Nevertheless, over the past years, I have noticed that my knowledge of events has been less important than the nitty gritty of everyday life in transforming June 4 into a meaningful symbol.
On Saturday, for example, I went to a coffee shop, where a man was lying on the ground, hands clawed, some kind of froth at his mouth, trembling. Two guards stood and another man sat, watching. I asked if an ambulance had been called. They answered, yes and I went into the coffee shop. Over twenty minutes later when I came out to look for someone, the man was still on the ground and no help to be seen. This time, I dialed 120 and connected with a dispatcher, asking a former student to explain what was happening. This decision disturbed the watchers who explained that the man was a thief and that he had faked a seizure when the guards had caught him. Moreover, according to the guards he frequently came by and stole things. The guards seemed less concerned about the man then they did about being seen not taking care of him. They stopped me from taking a picture and, when help did finally arrive, they kept repeating, “There’s nothing to see,” and pushed people away.
I left the coffee shop, came home, jumped online, and saw blog posts and articles on June 4, which caused me to make sense of the incident in larger, cultural terms. “China is a place where dissatisfaction with the regime or petty thievery can cost a human life,” I thought, “therefore people tend to be cynical and to ignore the suffering of strangers.” The coffee shop incident also allowed me to hear Chinese leaders repeating to other world leaders and journalists, “There’s nothing to be seen.” Consequently, my anger at the coffee shop guards grew into a nightlong bout of “what the fuck am I doing in China?” These were not happy or useful thoughts. Instead, as the anger cooled, I realized that I had argued with the guards about what should be done and our different values (them bad, me good). In retrospect, however, what is clear is that in actual practice our values were the same — we became increasingly angry with each other rather than wiping the froth at the man’s mouth or placing a pillow under his head.
This was not the first time that my sense of outrage has led me to fight with others rather than to comfort a suffering being.
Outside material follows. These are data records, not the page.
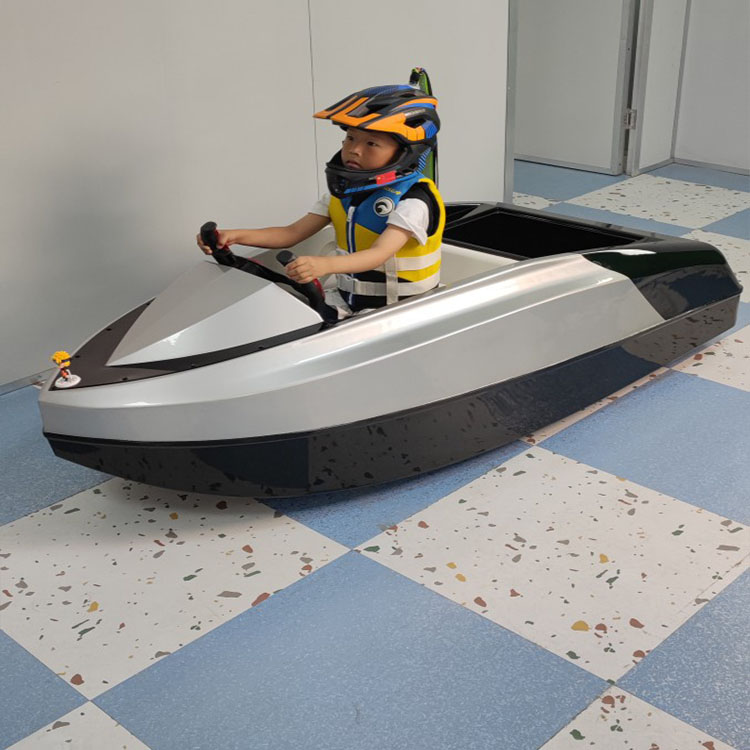 Dubbele Zitplaats Adventure Je - Kids Outdoor Adventure Park recensie en prijs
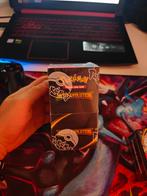 Halve boosterbox mega evolution, Ophalen of Verzenden, Nieuw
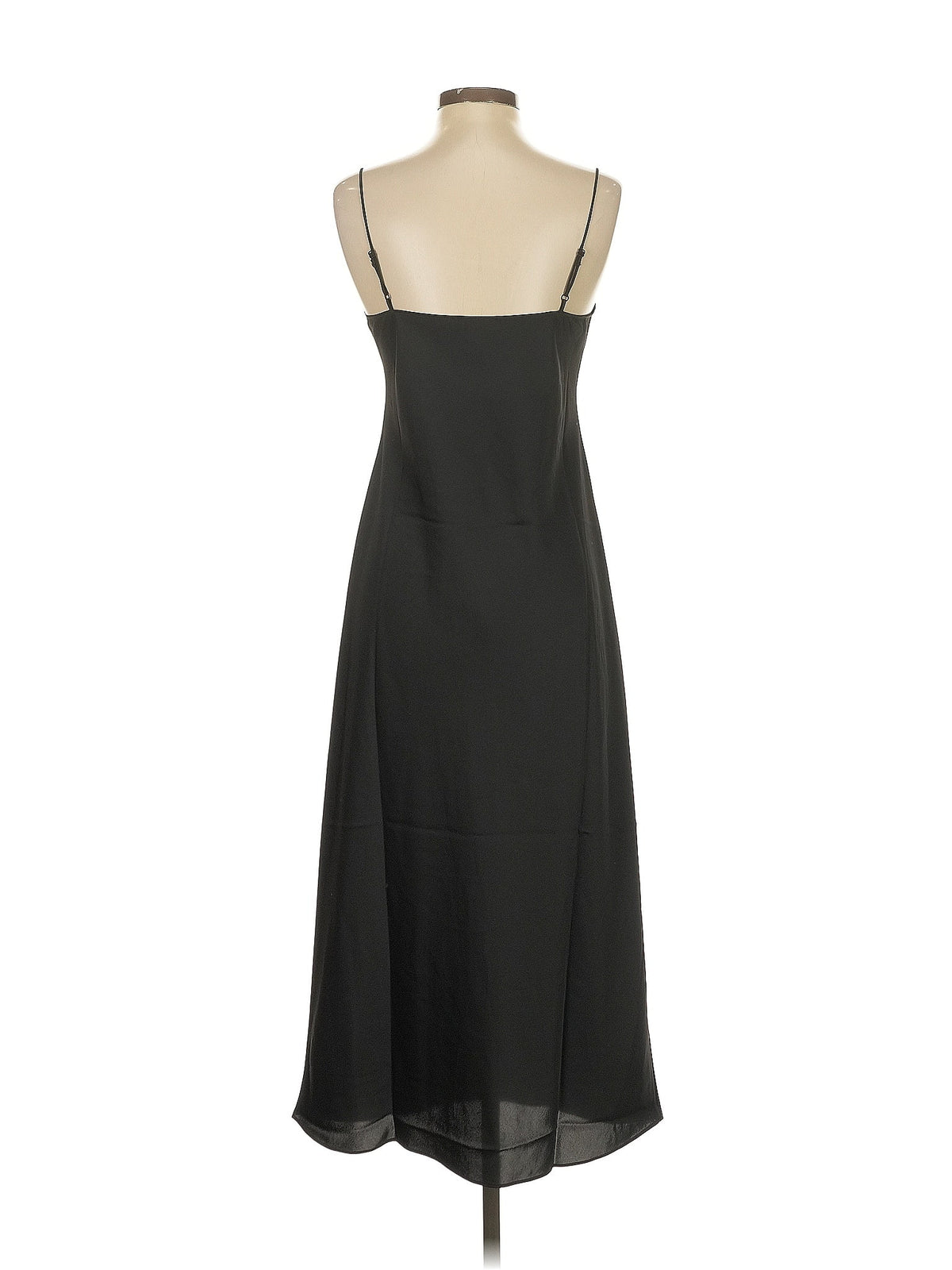 2 size - 2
Consequently, June 4 this year, I listened to Pema Chodron‘s teaching on Shantideva’s The Way of the Bodhisattva in hope that by working with and through my anger, I will achieve something of the revolutionary patience necessary to change the world:
The hostile multitudes are vast as space –
What chance is there that all should be subdued?
Let but this angry mind be overthrown
And every foe is then and there destroyed.